(Items listed in a dataset)
Content starts
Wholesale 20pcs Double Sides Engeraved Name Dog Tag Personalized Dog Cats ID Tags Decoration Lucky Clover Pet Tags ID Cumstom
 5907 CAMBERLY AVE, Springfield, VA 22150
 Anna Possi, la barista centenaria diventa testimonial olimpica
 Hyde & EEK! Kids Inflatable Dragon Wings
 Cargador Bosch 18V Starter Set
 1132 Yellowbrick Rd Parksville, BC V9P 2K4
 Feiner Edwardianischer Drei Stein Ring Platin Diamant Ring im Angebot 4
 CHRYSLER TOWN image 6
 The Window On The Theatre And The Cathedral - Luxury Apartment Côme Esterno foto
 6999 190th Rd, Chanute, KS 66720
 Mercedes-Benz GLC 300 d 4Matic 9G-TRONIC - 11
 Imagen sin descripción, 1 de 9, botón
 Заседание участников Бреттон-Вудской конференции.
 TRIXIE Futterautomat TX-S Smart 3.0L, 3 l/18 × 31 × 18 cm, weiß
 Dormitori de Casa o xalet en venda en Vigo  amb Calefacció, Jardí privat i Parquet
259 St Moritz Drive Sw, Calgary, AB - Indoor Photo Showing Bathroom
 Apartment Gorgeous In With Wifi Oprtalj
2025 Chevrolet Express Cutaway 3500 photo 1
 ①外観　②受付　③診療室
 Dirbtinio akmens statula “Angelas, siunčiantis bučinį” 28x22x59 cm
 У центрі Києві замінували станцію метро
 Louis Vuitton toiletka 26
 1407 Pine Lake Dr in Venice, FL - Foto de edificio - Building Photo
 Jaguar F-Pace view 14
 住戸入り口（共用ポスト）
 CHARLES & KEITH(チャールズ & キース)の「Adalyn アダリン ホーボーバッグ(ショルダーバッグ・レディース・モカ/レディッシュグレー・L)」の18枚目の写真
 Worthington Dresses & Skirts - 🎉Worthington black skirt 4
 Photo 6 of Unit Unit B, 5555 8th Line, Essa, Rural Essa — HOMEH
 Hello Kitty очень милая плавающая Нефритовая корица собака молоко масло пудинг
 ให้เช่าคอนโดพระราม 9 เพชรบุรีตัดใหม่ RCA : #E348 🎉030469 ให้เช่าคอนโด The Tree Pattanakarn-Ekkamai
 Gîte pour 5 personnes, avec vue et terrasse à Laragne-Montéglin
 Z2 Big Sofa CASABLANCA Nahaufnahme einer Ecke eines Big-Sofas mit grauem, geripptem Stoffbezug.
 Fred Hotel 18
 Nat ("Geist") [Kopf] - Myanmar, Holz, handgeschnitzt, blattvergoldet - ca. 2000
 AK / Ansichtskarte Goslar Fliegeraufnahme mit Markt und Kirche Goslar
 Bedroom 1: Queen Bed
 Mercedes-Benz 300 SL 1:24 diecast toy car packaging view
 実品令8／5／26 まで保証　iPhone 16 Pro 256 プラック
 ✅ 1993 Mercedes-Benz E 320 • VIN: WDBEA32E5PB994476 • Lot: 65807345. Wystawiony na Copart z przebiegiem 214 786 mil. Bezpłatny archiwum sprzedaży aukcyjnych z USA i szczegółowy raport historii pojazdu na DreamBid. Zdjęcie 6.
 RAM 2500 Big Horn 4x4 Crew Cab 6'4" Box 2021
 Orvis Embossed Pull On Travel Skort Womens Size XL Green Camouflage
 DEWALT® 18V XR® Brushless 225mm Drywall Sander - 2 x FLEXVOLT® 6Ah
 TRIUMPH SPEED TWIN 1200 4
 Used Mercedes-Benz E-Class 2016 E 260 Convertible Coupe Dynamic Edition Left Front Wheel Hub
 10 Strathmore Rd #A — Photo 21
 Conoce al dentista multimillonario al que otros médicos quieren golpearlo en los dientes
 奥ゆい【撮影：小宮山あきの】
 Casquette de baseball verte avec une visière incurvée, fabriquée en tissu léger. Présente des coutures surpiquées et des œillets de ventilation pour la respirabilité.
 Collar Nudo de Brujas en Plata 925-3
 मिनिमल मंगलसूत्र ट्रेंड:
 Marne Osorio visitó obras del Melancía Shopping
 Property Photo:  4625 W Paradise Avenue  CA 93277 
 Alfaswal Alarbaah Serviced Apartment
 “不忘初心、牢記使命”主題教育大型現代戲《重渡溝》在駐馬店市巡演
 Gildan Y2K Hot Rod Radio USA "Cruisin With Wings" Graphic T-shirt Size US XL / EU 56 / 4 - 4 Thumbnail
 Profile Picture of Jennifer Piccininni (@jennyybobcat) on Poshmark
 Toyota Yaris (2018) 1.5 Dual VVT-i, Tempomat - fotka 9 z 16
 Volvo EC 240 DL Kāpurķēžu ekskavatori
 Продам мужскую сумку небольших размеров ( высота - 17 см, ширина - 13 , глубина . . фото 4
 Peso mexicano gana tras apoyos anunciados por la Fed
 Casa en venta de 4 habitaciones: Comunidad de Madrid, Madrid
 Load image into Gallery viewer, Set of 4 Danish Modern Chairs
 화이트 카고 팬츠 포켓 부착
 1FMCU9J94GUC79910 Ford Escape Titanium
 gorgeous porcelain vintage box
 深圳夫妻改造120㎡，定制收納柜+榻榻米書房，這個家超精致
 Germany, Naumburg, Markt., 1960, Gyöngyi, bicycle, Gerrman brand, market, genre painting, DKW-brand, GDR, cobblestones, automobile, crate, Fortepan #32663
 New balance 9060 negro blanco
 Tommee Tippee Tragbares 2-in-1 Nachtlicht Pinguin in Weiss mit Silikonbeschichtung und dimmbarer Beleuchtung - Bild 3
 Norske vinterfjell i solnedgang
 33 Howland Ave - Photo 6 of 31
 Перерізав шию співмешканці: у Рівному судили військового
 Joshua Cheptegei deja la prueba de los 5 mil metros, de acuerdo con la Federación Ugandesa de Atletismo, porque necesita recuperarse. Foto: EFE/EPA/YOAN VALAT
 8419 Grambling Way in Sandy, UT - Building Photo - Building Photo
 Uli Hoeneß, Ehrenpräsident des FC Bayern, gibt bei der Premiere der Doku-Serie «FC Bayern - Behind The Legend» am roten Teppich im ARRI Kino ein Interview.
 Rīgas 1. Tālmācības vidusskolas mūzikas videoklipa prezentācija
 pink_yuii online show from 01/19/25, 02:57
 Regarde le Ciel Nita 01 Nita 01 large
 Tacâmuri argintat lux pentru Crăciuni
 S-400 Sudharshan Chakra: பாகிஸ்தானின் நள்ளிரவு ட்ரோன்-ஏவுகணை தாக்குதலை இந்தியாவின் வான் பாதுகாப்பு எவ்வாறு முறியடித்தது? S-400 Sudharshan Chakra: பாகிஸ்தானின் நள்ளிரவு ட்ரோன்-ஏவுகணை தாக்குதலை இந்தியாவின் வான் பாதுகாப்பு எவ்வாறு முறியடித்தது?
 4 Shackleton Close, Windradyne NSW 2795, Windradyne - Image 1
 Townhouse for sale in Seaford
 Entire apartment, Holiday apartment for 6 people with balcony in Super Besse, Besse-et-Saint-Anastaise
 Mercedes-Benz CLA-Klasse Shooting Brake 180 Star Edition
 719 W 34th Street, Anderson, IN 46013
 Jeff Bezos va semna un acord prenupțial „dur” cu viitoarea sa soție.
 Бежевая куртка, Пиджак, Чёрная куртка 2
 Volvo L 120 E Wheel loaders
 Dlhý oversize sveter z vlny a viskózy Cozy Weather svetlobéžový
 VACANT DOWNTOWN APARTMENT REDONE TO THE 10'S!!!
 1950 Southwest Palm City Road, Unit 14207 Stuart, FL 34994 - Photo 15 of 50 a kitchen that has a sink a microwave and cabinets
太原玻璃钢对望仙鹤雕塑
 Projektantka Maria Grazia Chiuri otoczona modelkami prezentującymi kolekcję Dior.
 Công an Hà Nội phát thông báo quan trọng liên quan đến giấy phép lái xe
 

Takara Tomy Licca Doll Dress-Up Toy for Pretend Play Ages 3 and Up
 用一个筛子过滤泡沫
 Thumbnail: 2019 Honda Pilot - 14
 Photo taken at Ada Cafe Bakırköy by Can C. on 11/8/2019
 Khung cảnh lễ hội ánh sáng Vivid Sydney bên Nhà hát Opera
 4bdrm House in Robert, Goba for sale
Content ends
= Work instruction =
In the records above, find every line with the word "Markt" and copy it.

= Exercise answer =
 AK / Ansichtskarte Goslar Fliegeraufnahme mit Markt und Kirche Goslar
 Germany, Naumburg, Markt., 1960, Gyöngyi, bicycle, Gerrman brand, market, genre painting, DKW-brand, GDR, cobblestones, automobile, crate, Fortepan #32663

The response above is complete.